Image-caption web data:
● ● ● ● ●

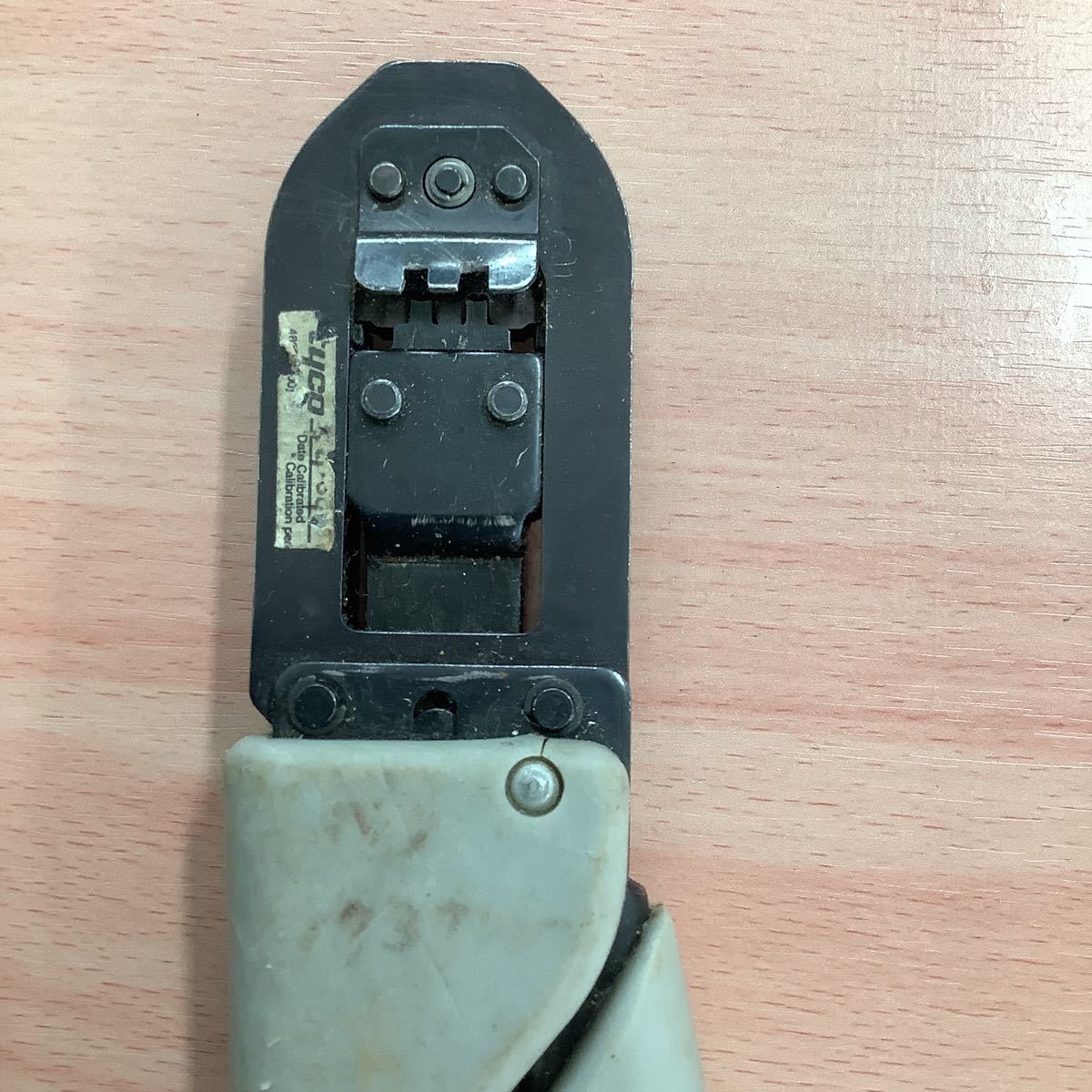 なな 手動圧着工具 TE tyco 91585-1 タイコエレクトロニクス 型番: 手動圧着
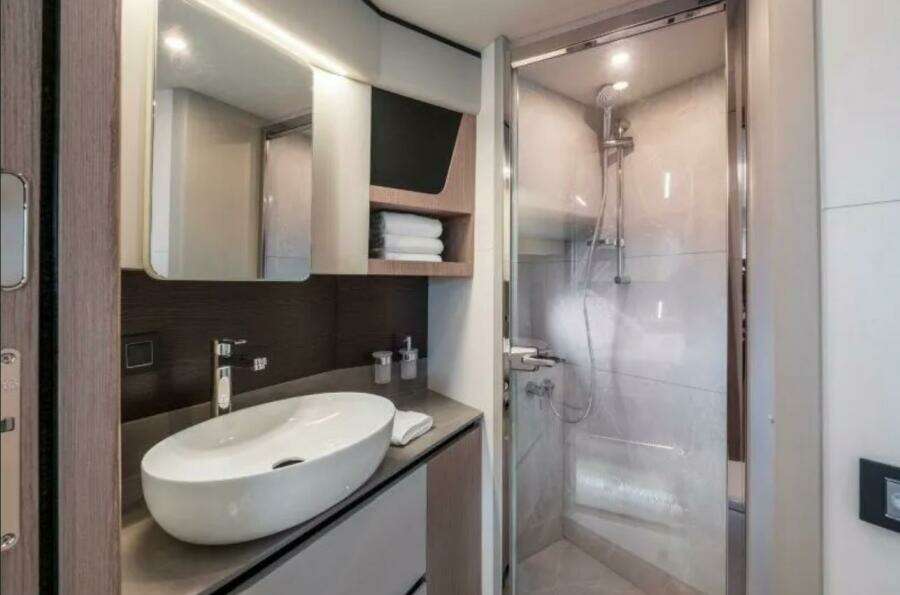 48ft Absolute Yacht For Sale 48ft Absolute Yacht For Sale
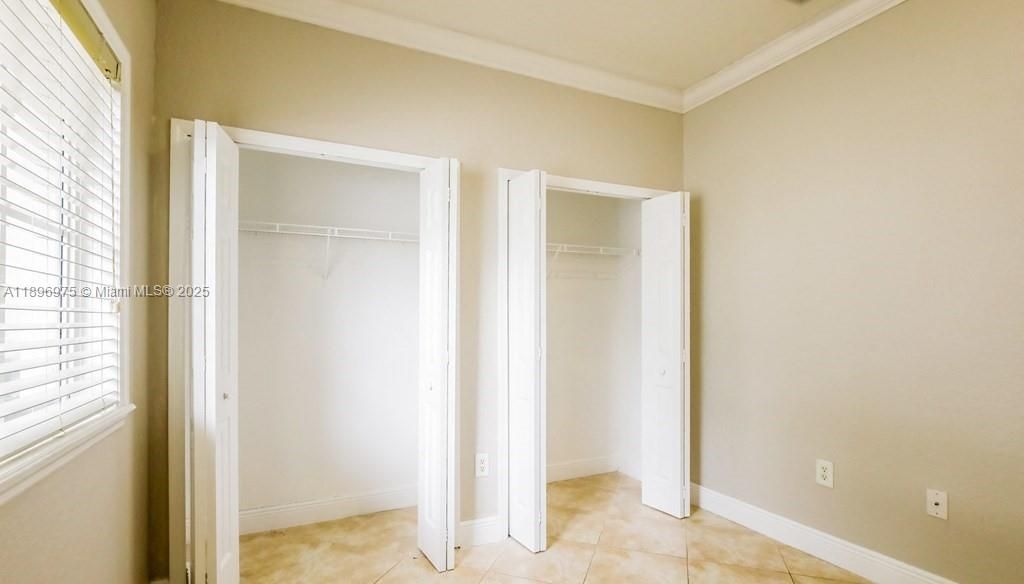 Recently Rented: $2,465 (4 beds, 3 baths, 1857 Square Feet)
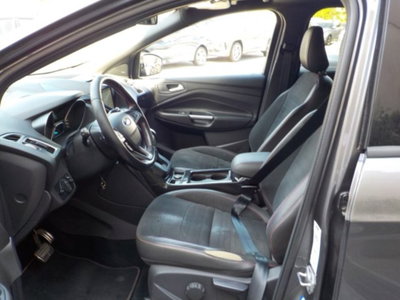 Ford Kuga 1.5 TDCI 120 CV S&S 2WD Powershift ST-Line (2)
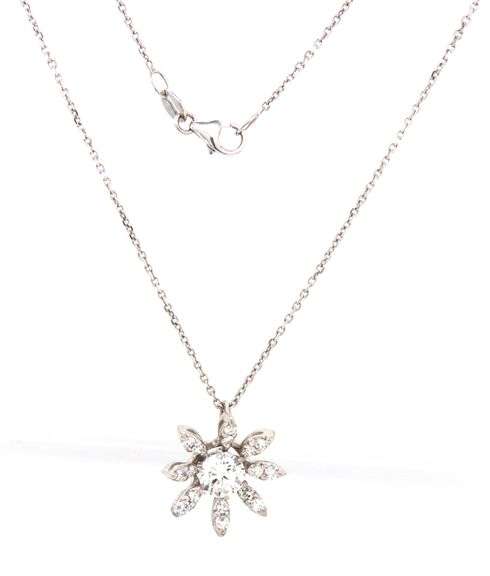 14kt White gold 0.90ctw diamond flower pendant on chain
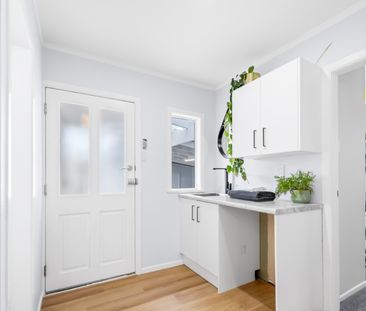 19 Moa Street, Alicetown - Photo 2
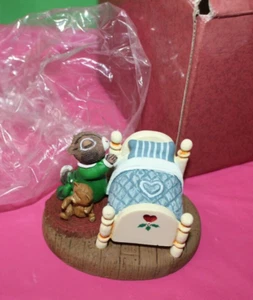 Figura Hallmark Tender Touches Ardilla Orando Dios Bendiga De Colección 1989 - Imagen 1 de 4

● ● ● ● ●

[PROBLEM TO WORK ON]:
Please copy the lines exactly, beginning at the one containing "14kt White gold" and ending at the last line of the records above, both included, with the pictures left out.

[SOLUTION TO THIS TASK]:
 14kt White gold 0.90ctw diamond flower pendant on chain
 19 Moa Street, Alicetown - Photo 2
 Figura Hallmark Tender Touches Ardilla Orando Dios Bendiga De Colección 1989 - Imagen 1 de 4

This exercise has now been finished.